Alleine die Gemeinde Interlaken, welche als wichtige Tourismusdestination im Berner Oberland bekannt ist, konnte 400'000 Franken an Bussgeldern nicht eintreiben. Der Berner SVP-Grossrat Samuel Krähenbühl stellte eine Kleine Anfrage an die Berner Regierung, um mehr darüber zu erfahren.
In der Anfrage an die Regierung spielt der SVP-Politiker auch mit der Idee, die Vermietungsunternehmen direkt in die Pflicht zu nehmen: «Was meint der Regierungsrat zum Vorschlag, dass die Autovermieterinnen und Autovermieter für nicht bezahlte Bussen ihrer Automieterinnen und Automieter bezahlen müssten?» Der Regierungsrat antwortet, dass noch weitere Erfahrungen gesammelt werden müssen, doch erste Erkenntnisse zeigen, dass die Polizei zwar die Namen erhält, diese Forderungen von eher kleinen Einzelbeträge in den jeweiligen Staaten nicht durchgesetzt werden können.
Gegenüber BärnToday sagte Krähenbühl vergangene Woche, dass es vor allem um Touristen aus weiter entfernten Staaten, etwa aus dem asiatischen oder arabischen Raum, gehe, denn mit den europäischen Nachbarn gebe es mittlerweile Abkommen, die das Bussen-Inkasso regelten.
Doch was halten die betroffenen Firmen vom Vorschlag des Politikers?
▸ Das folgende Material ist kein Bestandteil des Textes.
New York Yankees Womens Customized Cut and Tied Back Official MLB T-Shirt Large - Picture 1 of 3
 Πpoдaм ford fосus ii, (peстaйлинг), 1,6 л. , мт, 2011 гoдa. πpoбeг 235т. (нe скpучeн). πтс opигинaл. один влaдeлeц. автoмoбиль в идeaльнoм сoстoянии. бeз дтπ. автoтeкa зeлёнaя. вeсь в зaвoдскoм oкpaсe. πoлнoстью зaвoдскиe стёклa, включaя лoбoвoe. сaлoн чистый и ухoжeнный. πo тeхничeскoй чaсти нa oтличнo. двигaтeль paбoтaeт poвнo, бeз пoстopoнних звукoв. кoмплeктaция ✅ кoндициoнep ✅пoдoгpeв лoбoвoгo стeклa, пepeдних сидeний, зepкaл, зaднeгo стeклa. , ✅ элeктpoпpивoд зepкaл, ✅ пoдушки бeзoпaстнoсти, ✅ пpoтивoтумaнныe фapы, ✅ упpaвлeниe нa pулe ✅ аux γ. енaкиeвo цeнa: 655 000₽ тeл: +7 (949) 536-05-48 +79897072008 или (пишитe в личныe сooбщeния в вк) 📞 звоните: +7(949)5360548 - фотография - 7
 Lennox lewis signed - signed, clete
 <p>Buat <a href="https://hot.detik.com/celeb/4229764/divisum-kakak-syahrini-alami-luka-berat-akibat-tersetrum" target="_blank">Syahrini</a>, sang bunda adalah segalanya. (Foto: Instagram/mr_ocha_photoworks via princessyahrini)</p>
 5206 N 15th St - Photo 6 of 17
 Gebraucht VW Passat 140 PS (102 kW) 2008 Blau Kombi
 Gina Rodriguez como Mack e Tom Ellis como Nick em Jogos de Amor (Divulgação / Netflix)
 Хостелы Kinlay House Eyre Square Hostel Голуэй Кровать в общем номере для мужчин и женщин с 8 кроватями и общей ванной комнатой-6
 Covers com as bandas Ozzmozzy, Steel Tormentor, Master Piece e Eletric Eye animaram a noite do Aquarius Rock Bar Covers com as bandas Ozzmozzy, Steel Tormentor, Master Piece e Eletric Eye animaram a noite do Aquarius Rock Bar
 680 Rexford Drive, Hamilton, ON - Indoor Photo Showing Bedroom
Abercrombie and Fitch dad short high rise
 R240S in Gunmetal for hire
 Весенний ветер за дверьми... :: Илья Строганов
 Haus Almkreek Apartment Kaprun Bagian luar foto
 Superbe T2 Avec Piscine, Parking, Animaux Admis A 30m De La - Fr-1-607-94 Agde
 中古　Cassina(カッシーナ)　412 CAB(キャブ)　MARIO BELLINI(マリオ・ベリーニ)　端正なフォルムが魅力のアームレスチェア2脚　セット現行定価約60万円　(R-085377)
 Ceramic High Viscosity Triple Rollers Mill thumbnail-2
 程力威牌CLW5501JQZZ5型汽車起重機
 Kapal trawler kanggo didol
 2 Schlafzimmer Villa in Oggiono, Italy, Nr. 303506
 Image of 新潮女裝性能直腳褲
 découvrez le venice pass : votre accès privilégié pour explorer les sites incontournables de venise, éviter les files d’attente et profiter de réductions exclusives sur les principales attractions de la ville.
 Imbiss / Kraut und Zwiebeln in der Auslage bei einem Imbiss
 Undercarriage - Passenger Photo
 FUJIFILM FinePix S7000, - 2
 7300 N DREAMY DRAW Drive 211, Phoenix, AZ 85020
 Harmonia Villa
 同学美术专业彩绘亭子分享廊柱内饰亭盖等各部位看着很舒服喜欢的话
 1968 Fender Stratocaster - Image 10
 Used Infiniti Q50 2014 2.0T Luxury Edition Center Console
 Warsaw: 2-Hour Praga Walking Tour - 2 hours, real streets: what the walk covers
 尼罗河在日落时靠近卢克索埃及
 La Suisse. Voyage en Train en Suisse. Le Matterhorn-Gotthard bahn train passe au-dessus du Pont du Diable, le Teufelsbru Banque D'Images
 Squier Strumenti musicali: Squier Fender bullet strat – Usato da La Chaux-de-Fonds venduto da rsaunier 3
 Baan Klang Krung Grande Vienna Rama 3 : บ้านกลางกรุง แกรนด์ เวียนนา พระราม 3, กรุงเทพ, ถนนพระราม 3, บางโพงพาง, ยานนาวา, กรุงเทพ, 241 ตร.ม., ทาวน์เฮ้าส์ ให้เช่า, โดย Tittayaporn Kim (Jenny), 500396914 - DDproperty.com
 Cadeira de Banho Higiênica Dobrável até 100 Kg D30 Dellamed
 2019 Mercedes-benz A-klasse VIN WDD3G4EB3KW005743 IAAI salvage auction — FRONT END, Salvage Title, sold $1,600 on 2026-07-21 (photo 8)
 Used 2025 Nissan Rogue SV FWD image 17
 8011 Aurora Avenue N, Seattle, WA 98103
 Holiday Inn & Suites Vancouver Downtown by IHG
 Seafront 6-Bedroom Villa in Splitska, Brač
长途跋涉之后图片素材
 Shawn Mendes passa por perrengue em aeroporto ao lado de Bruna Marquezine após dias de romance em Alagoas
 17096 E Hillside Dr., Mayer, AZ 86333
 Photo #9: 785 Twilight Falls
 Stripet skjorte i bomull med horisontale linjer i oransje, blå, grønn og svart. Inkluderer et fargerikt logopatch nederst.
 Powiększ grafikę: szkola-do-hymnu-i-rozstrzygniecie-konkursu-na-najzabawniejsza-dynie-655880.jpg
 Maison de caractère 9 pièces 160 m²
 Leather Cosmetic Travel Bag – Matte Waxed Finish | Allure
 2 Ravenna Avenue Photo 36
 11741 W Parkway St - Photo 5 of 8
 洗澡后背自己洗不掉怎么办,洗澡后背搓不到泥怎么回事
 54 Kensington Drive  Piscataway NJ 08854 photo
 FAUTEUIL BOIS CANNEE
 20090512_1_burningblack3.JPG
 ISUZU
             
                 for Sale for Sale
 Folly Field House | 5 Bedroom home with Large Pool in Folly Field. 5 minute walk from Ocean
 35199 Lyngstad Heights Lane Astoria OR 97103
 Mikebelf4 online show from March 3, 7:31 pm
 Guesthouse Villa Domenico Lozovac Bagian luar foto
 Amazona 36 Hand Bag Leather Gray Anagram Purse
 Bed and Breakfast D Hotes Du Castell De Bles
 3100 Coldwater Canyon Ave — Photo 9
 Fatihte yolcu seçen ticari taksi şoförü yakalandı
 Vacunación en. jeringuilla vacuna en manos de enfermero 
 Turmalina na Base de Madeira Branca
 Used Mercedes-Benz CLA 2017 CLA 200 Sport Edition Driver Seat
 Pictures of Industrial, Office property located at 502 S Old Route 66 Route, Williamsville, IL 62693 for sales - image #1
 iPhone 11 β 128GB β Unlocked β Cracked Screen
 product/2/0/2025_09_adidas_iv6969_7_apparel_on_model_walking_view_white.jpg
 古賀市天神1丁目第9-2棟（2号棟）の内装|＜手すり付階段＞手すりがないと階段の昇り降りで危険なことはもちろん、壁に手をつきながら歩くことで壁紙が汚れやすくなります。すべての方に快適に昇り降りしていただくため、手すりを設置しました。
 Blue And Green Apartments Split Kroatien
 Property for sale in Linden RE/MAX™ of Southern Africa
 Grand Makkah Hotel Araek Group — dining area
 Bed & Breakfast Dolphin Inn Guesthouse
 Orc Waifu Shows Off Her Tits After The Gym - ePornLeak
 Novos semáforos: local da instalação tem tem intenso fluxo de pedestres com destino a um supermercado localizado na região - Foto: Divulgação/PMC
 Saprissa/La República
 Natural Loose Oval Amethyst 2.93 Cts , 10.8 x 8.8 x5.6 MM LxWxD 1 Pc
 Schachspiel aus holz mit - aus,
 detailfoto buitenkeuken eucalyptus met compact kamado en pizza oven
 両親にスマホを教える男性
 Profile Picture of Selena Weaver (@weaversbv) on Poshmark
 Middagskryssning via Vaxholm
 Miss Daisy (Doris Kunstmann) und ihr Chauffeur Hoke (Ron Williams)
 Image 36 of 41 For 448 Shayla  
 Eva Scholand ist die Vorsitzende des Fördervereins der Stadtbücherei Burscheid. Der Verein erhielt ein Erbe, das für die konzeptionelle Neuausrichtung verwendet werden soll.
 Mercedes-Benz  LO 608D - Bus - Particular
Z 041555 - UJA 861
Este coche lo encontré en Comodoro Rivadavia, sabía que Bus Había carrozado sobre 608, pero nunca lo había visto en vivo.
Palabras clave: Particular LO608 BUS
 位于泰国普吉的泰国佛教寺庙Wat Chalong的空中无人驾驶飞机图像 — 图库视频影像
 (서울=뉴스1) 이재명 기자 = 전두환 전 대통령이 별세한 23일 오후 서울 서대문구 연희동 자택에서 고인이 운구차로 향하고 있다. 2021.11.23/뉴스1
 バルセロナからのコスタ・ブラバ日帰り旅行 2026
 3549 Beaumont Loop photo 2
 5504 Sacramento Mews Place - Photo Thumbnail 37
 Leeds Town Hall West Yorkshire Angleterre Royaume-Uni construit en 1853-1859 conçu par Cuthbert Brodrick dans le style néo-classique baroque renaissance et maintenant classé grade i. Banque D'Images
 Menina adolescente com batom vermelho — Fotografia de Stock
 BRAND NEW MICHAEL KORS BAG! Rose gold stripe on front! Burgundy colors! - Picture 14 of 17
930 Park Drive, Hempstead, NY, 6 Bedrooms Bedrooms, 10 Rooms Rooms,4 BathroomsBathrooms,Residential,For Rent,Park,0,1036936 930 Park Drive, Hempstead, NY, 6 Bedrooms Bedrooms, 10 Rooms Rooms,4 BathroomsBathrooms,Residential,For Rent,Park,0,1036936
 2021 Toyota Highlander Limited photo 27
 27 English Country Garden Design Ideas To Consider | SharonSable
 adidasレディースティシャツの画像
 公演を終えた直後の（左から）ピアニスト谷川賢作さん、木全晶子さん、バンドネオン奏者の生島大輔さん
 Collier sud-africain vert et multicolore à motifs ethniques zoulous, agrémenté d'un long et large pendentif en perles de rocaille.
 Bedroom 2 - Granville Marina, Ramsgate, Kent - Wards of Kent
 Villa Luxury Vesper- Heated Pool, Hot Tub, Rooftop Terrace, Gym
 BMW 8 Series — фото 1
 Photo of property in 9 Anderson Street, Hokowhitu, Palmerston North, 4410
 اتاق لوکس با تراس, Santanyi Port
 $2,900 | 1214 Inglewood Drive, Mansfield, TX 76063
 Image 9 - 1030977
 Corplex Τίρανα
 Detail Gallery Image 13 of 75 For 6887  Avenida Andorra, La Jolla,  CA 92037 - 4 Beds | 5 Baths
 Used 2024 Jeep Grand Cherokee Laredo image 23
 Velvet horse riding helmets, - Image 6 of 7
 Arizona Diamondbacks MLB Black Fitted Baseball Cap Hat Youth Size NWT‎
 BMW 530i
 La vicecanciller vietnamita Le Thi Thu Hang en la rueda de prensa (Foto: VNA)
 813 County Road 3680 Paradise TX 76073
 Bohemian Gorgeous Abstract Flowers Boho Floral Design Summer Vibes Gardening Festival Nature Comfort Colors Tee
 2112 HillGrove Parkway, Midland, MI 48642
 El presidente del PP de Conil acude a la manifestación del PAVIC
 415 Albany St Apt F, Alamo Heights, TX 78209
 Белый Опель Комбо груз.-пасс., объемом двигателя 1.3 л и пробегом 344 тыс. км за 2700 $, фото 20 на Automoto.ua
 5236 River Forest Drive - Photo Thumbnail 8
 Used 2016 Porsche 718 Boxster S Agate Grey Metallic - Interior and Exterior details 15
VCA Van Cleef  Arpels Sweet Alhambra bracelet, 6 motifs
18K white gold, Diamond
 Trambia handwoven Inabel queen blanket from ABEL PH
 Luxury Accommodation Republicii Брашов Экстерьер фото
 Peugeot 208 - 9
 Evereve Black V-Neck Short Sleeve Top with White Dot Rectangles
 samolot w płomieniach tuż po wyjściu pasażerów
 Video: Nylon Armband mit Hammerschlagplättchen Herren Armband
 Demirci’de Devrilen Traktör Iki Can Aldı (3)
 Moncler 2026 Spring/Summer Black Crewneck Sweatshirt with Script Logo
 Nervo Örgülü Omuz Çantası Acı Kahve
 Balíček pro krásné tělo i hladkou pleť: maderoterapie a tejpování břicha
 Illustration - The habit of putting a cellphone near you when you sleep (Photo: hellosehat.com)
Nicht besonders viel. «Dieser Vorschlag entbehrt jeder Logik», teilt etwa Toby Meier, Kommunikationsmanager bei Herold Fahrzeugvermietung/Hertz, mit. «Der Sinn einer Busse ist klar definiert. Dabei geht es darum, ein Fehlverhalten (z.B. wegen Geschwindigkeitsüberschreitungen) zu bestrafen. Das Fehlverhalten geht bei Verkehrsbussen, egal ob im In- oder Ausland, klar vom Lenker und nicht von der Mietwagenfirma aus.»
Erfahrungen mit Bussen mache man regelmässig, wie Meier sagt: «Mieter verursachen täglich Bussen, sowohl im In- als auch im Ausland.» Auch Massnahmen des Unternehmens, etwa höhere Kautionen, würden nicht funktionieren: «Kautionen können nicht endlos blockiert werden. Entsprechend ist es nicht die Aufgabe der Mietwagenfirma, eine Bankenfunktion für Mieter oder Behörden zu übernehmen und Geld auf Vorrat zu blockieren und/oder zu verwalten.»
Auch bei Europcar ist man mit dem jetzigen System zufrieden: «Grundsätzlich soll der Verursacher die Busse begleichen. Der Kunde wird von uns informiert und gebeten, die Rechnung zu begleichen», teilt Martin Helg von Europcar mit. Falls das nicht funktioniert, greift man auch zu drastischeren Mitteln. «Wir behalten uns vor, die Kreditkarte des Kunden zu belasten, sollte er die Busse nicht begleichen.»
Auch die Polizei ist mit dem aktuellen Vorgehen einverstanden. So werden die Bussen vorerst der Firma zugestellt und falls diese den effektiven Lenkenden nicht bekanntgeben will oder kann, haftet die Firma als Halter, wie Cindy Schneider, Mediensprecherin der Kantonspolizei Bern, erklärt. Dabei sei der Ablauf gleich wie bei Privatpersonen. Nach dem Versenden der Busse erfolgt eine Mahnung. Falls die Busse immer noch nicht bezahlt wird, wird ein ordentliches Verfahren eingeleitet. «Das ist aus unserer Sicht praktikabel und für die Involvierten korrekt», so die Mediensprecherin.